The stretch wanted below opens at the line containing "送料無料】茶道具 清課堂 錫製 円式 茶托 托子 5客揃 共" and closes at the line containing "map of restaurants, bars, coffee". Please return it exactly, with no other lines.
*** Opening of Extracted records ***
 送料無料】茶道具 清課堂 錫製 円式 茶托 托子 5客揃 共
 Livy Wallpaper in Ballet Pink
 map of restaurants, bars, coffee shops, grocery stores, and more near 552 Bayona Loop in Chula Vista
*** Close of Extracted records ***
*** Opening of Extracted records ***
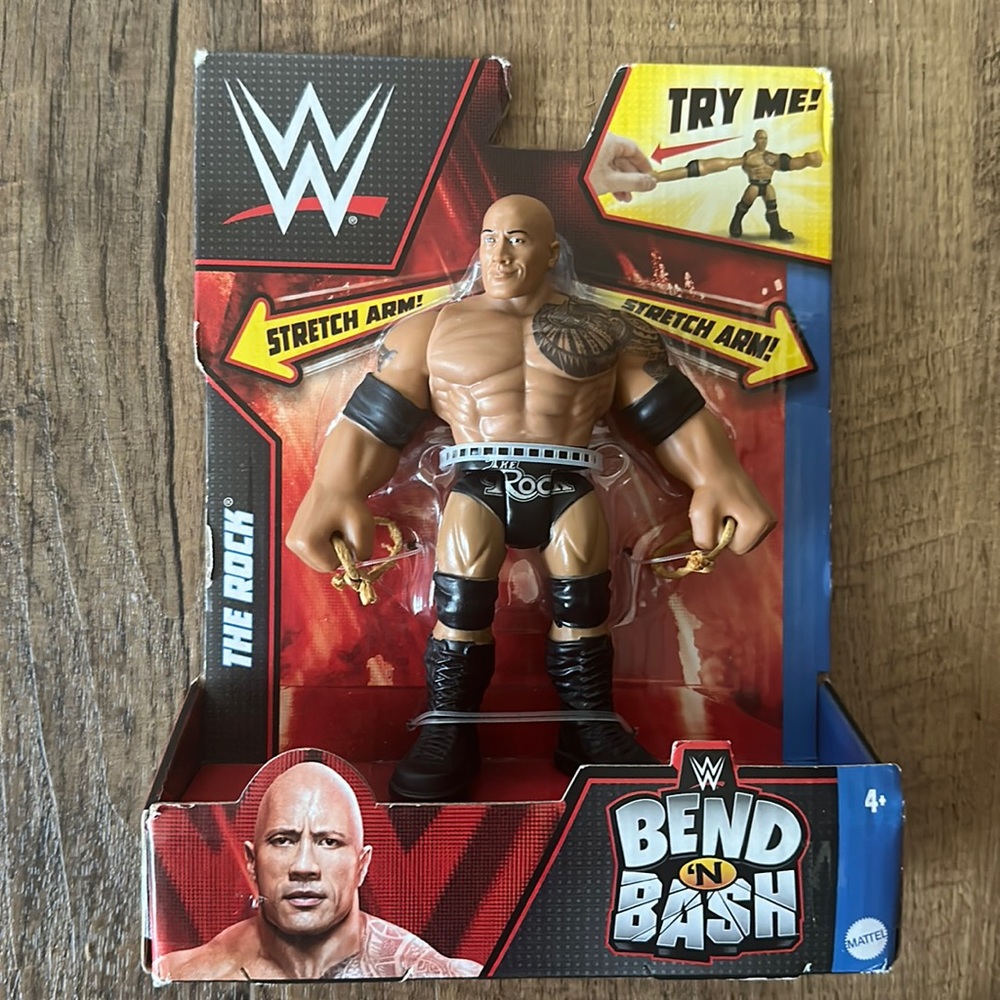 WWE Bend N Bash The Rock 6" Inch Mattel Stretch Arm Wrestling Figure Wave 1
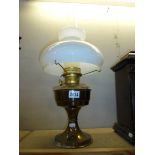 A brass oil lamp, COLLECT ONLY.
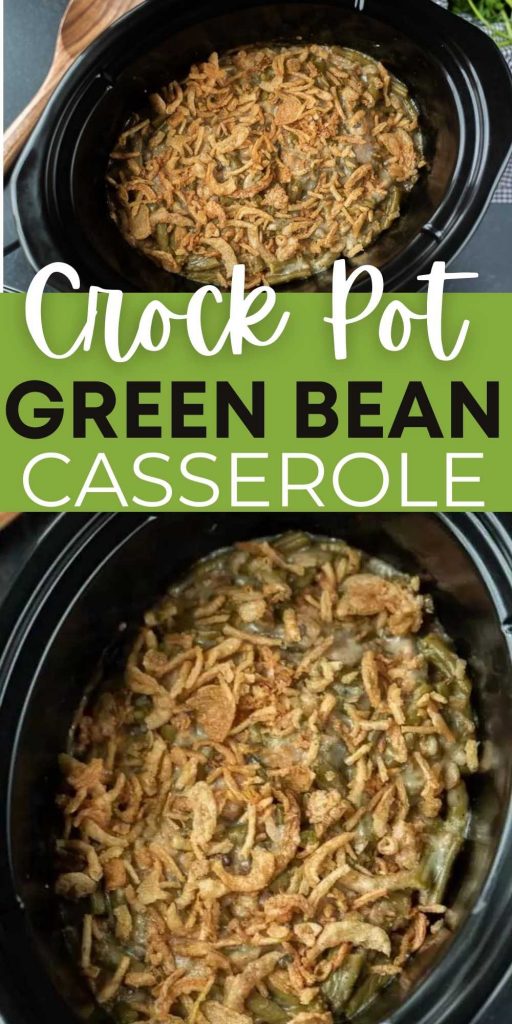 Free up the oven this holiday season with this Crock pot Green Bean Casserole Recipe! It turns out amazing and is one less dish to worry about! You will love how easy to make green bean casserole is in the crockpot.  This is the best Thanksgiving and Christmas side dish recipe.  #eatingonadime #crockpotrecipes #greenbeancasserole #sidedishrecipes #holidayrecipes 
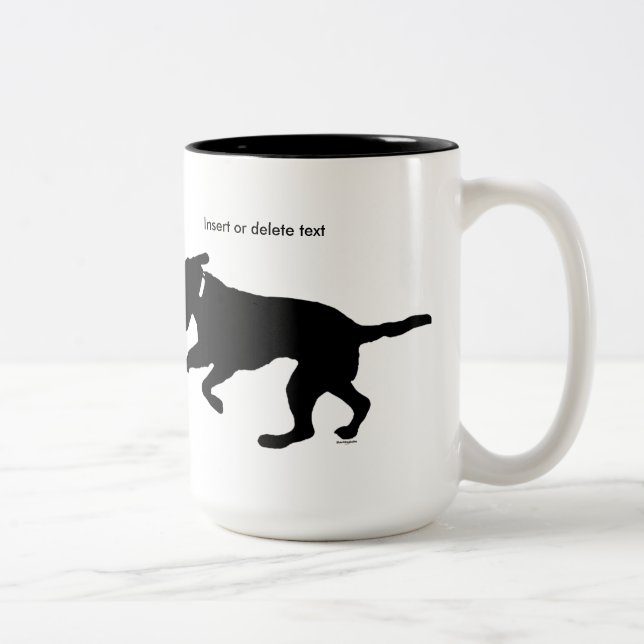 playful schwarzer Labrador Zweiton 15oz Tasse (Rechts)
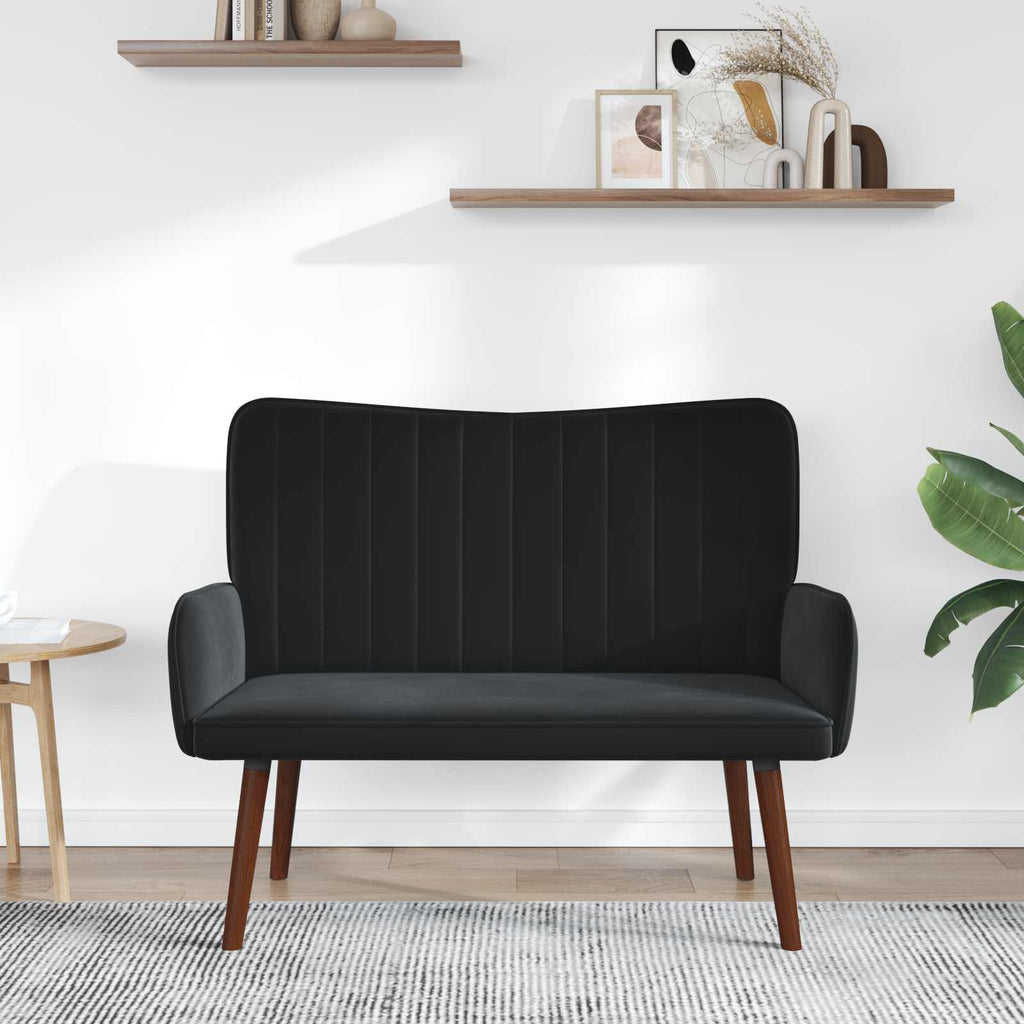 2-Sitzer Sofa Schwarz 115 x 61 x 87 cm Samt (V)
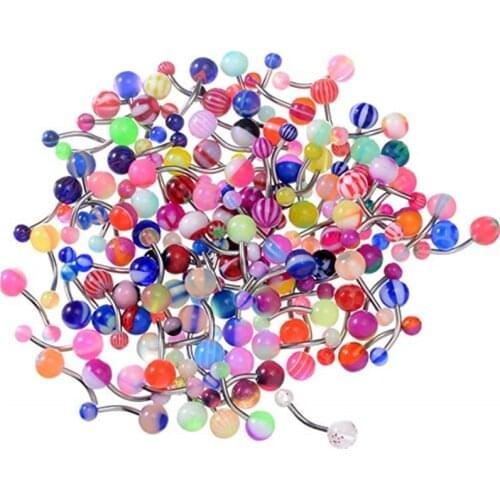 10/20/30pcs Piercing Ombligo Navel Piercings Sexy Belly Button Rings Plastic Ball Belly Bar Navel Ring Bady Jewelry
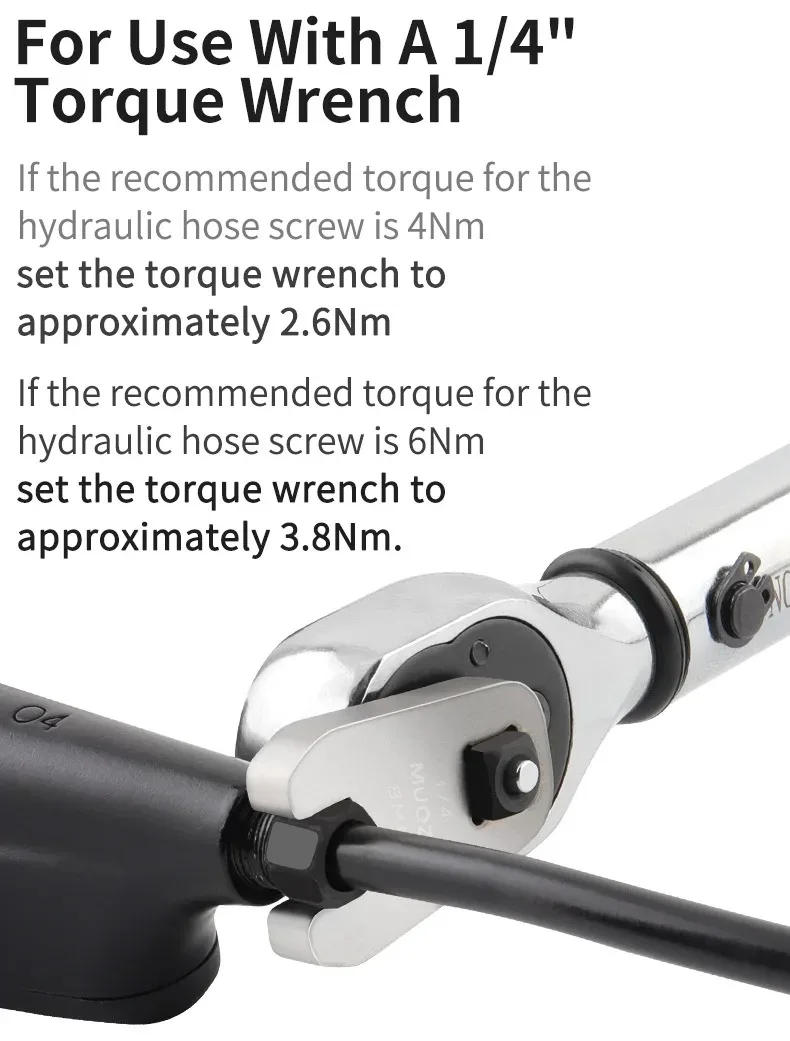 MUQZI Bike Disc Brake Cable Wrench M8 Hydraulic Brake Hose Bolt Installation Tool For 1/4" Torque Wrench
*** Close of Extracted records ***
* _Answer box_:
 送料無料】茶道具 清課堂 錫製 円式 茶托 托子 5客揃 共
 Livy Wallpaper in Ballet Pink
 map of restaurants, bars, coffee shops, grocery stores, and more near 552 Bayona Loop in Chula Vista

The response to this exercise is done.